Bruno Sportisse (Inria) : « Nous nous assumons pleinement par notre impact économique »

PDG d’Inria depuis un an, Bruno Sportisse, qui finalise actuellement le nouveau Contrat d’objectifs et de performance de l’Institut avec l’Etat, revient sur la signature récente d’un partenariat avec Bpifrance visant à amplifier la création et le développement de 100 start-up numériques Deeptech par an d’ici à 2023.

Bruno Sportisse

Bruno Sportisse a été nommé PDG d’Inria le 27 juin 2018 par décret du Président de la République. Polytechnicien et ingénieur en chef du corps des Ponts et Chaussées, il est également docteur en mathématiques appliquées et titulaire d’une habilitation à diriger des recherches.

Alliancy. Cet automne, vous devriez signer votre nouveau Contrat d’Objectifs et de Performance (COP) avec vos deux ministères de tutelle (Recherche et Industrie) pour la période 2019-2023. Un mot à ce sujet ?

Bruno Sportisse. Le socle de notre projet pour les années à venir est de dire qu’Inria est un outil public visant à construire un leadership scientifique, technologique et industriel dans le numérique et par le numérique. Nous nous assumons pleinement par notre impact économique.

Aussi, cette nouvelle feuille de route aura essentiellement trois grands chapitres : le maintien de l’excellence scientifique ; le renforcement de l’impact économique ; et l’appui à des politiques publiques. Sur ce dernier point, je fais référence par exemple à la coordination du Plan IA qui nous a été confiée au plan national ; ou, au renforcement, annoncé en juin, de notre partenariat avec l’Anssi, l’Agence nationale de la Sécurité des Systèmes d’information.

J’ai noté également la publication récente du rapport d’évaluation d’Inria fait par le Hcérès (Haut Conseil de l’évaluation de la recherche et de l’enseignement supérieur), pour la période 2013-2017. Quelles en sont les grandes conclusions ?

Bruno Sportisse. Ce rapport dit globalement trois choses. D’abord, qu’il y a une recherche de niveau mondial qui est menée à Inria, mais qu’il faut faire des choix scientifiques pour avoir un impact. Ensuite, qu’il y a bien une culture des partenariats industriels, une culture du transfert par la création de start-up technologiques, mais que nous devons aller encore plus loin… Partant de ce socle solide, ce rapport précise enfin que les axes sur lesquels nous pouvons encore nous améliorer sont nombreux…

Concernant le renforcement de l’impact économique qui intéresse Alliancy en priorité, quelles actions souhaitez-vous rapidement mettre en œuvre ?

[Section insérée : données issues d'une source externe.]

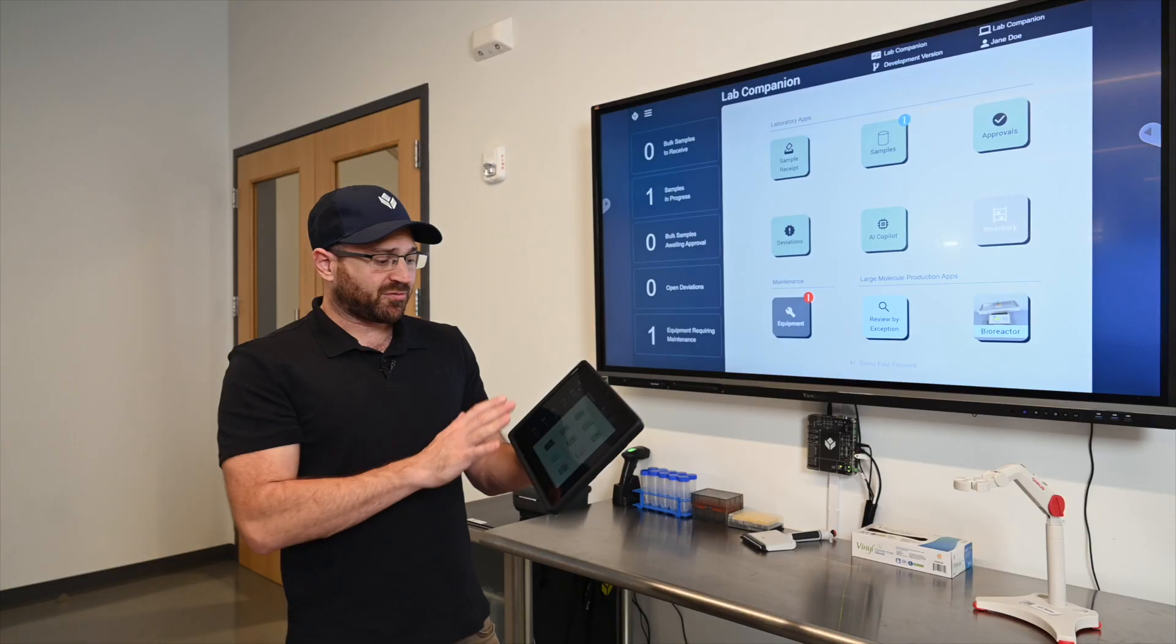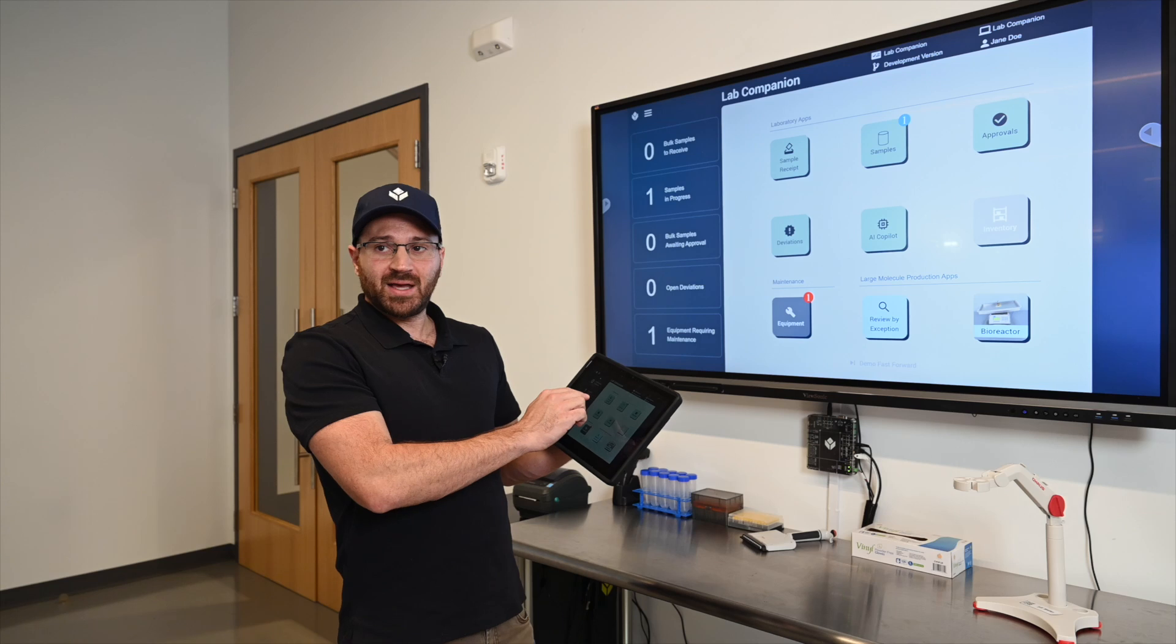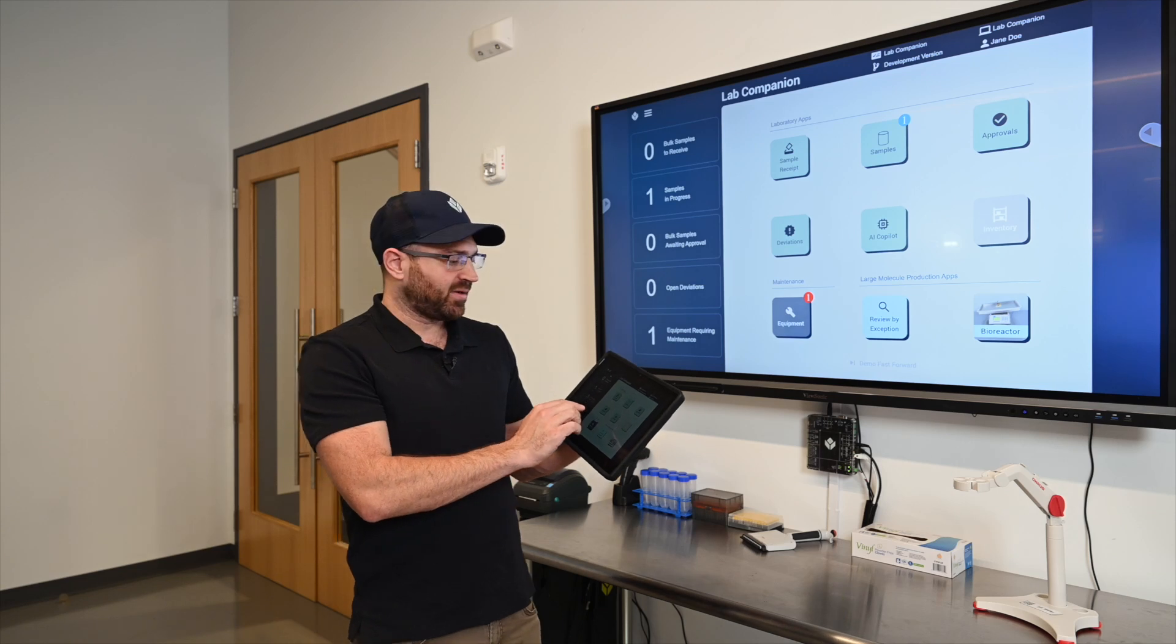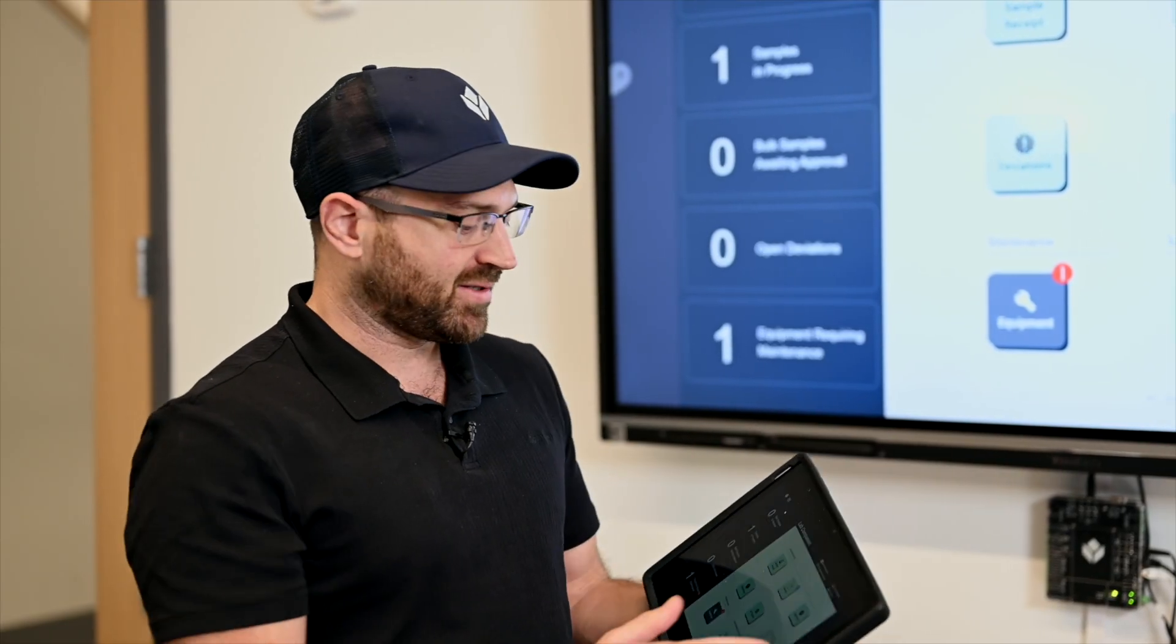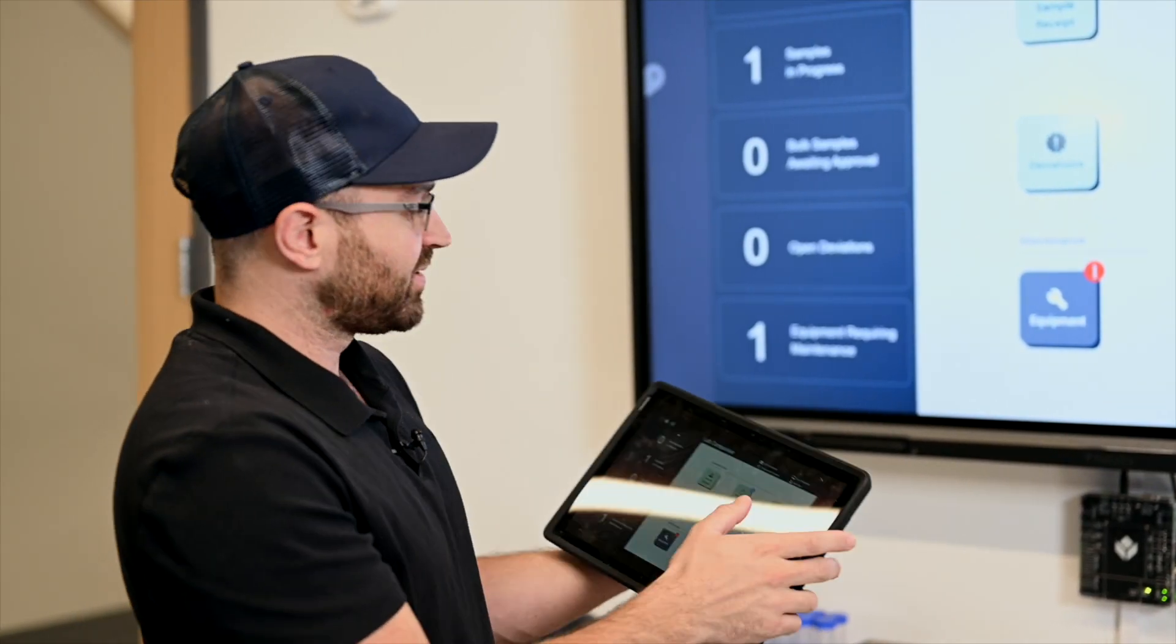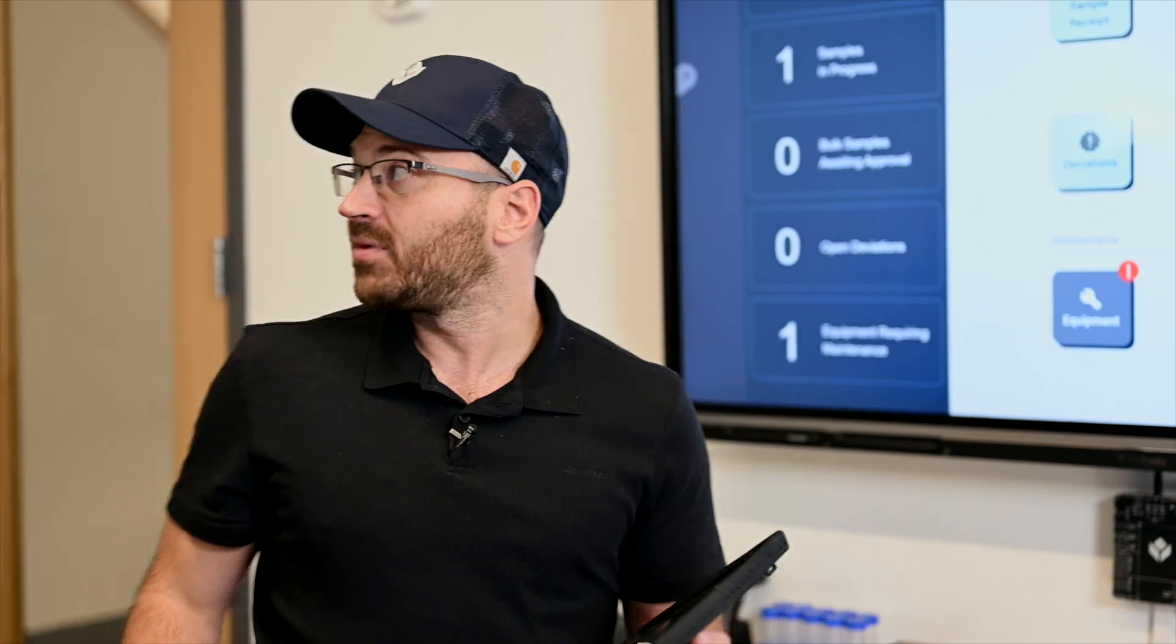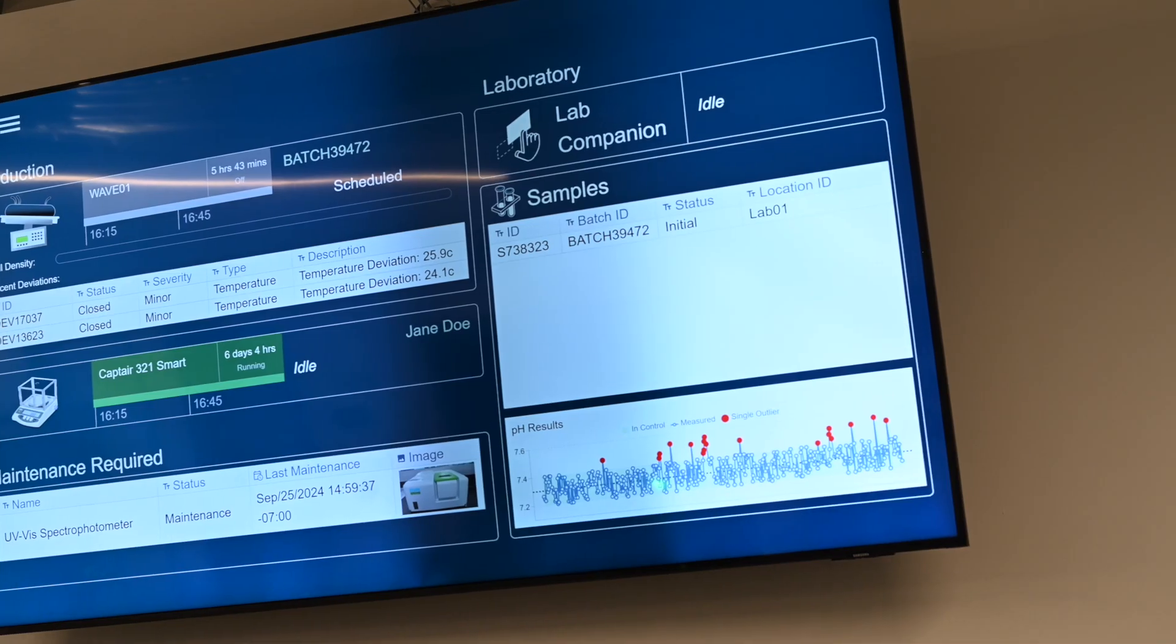We just jumped from the lab companion app into the sample receipt app, and now as a lab analyst I can see that I have a sample in progress. It's also represented on the dashboard that I have a sample that's been received.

Bruno Sportisse. La première est que nous voulons renforcer nos relations avec le tissu économique français et européen. Nous devons par exemple être capables de créer des laboratoires communs avec de grands industriels ou des ETI souhaitant effectuer leur transformation digitale, y compris à travers des équipes-projets, notre unité de base, communes avec ces partenaires autour de la recherche et de l’innovation … Ce qui n’est pas le cas à ce stade et c’est une de nos priorités pour accentuer notre impact.

Pour ces projets communs, ciblez-vous des secteurs d’activité en priorité ?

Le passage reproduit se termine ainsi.